Personal information
- Date of birth: 20 September 1996 (age 30)
- Place of birth: Bolton, England
- Positions: Defender; midfielder;

Team information
- Current team: Tampa Bay Rowdies
- Number: 27

Youth career
- 2004–2013: Manchester United

College career
- Years: Team / Apps / (Gls)
- 2015–2016: Trinity Tigers / 46 / (11)
- 2017–2018: Furman Paladins / 39 / (16)

Senior career*
- Years: Team / Apps / (Gls)
- 2019: Atlanta United 2 / 29 / (3)
- 2020: Atlanta United / 7 / (0)
- 2021–2022: Tampa Bay Rowdies / 57 / (3)
- 2023: Nashville SC / 0 / (0)
- 2023: → Tampa Bay Rowdies (loan) / 2 / (0)
- 2023: → Huntsville City FC (loan) / 2 / (0)
- 2024: Phoenix Rising / 31 / (0)
- 2025–: Tampa Bay Rowdies / 40 / (2)

= Laurence Wyke =

English footballer (born 1996)

Laurence Wyke (born 20 September 1996) is an English footballer who plays as a defender for USL Championship club Tampa Bay Rowdies.

==Career==
Wyke spent time in the Manchester United academy whilst growing before heading to America to study and play college soccer at Trinity University and Furman University. On 20 February 2019, Wyke joined USL Championship side Atlanta United 2.

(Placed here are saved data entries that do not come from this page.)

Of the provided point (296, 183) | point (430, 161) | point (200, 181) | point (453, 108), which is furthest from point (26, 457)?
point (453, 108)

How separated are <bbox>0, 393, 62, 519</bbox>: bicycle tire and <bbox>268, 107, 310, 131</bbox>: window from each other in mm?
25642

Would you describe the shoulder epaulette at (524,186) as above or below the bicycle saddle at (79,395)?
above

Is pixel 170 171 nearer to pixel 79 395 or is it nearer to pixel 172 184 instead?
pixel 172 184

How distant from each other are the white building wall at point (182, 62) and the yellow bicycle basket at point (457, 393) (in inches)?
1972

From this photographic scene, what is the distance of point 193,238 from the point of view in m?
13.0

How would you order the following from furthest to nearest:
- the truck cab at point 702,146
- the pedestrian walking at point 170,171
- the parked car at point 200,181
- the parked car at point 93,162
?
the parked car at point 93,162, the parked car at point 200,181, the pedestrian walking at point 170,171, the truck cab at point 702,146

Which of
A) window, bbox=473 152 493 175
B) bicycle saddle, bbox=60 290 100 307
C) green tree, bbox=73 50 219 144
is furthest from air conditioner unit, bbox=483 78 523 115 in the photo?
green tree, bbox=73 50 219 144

Following a successful first team debut against Nashville SC in the first game of the season, Wyke was promoted to Atlanta United FC on 5 March 2020. He appeared in 7 MLS matches in the 2020 season before being released at the end of the year. In March 2021, Wyke joined Tampa Bay Rowdies ahead of the 2021 season. During his debut season with the club, Wyke was primarily utilized in the midfield, but was moved to the defensive line in 2022.

In October 2022, Wyke was fined and given a 12-game suspension following the USL Championship's investigation into allegations of racially discriminatory behavior following the October 2nd match between Monterey Bay FC and the Tampa Bay Rowdies. Following an appeal by the Rowdies, Wyke's suspension was overturned by the USL's Independent Disciplinary Council. He was released by Tampa following their 2022 season.

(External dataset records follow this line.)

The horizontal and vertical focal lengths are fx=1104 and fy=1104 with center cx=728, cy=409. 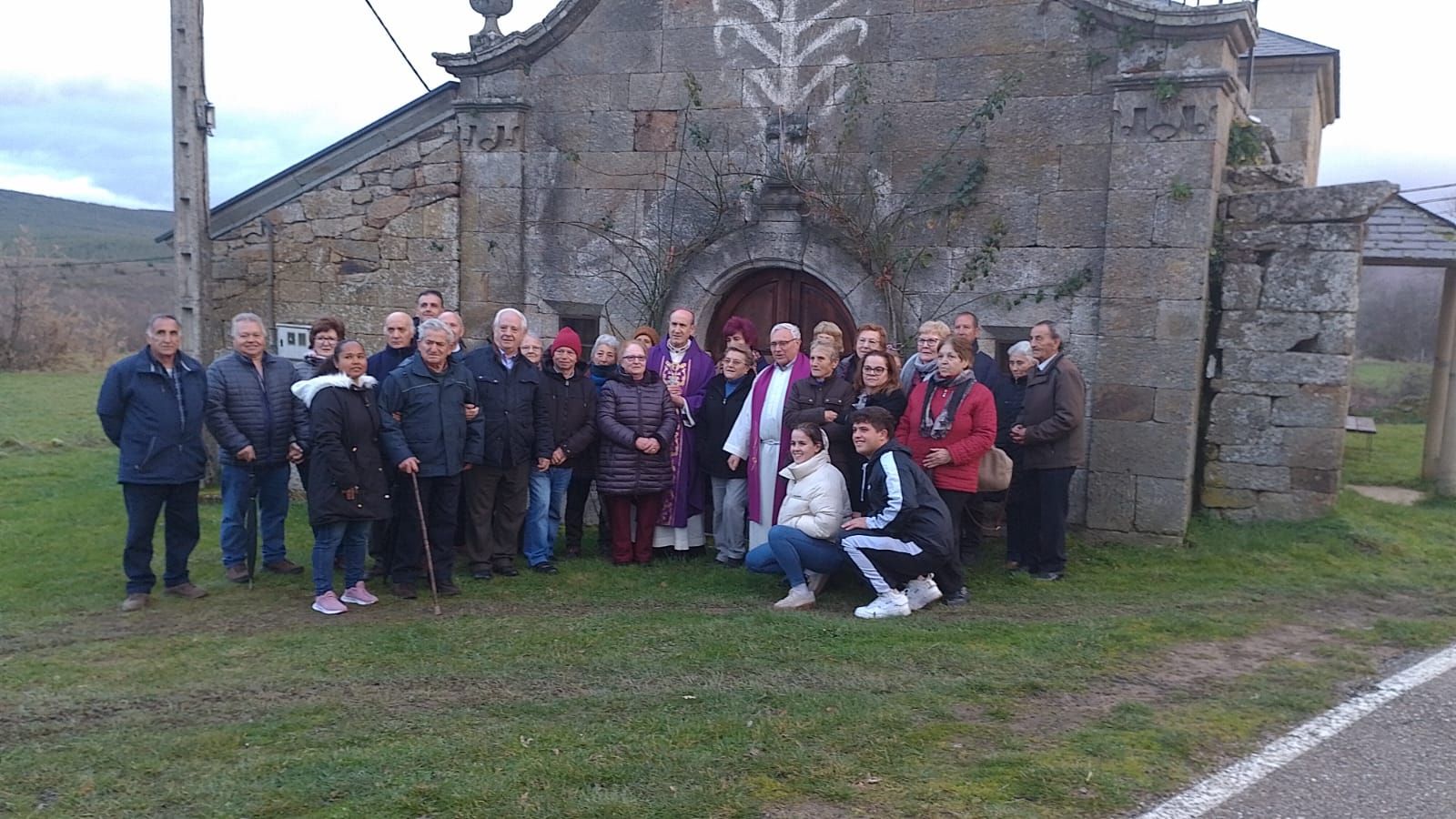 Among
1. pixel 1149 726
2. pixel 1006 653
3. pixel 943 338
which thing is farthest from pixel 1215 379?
pixel 1149 726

On 22 December 2022, it was announced that Wyke had signed with Major League Soccer side Nashville SC for the upcoming 2023 season. Wyke rejoined the Rowdies on a loan on 3 June 2023. Wyke provided one assist in two appearances for Tampa Bay before being recalled by Nashville on 17 June. He left Nashville following the 2023 season.

Wyke signed with USL Championship side Phoenix Rising on 26 January 2024.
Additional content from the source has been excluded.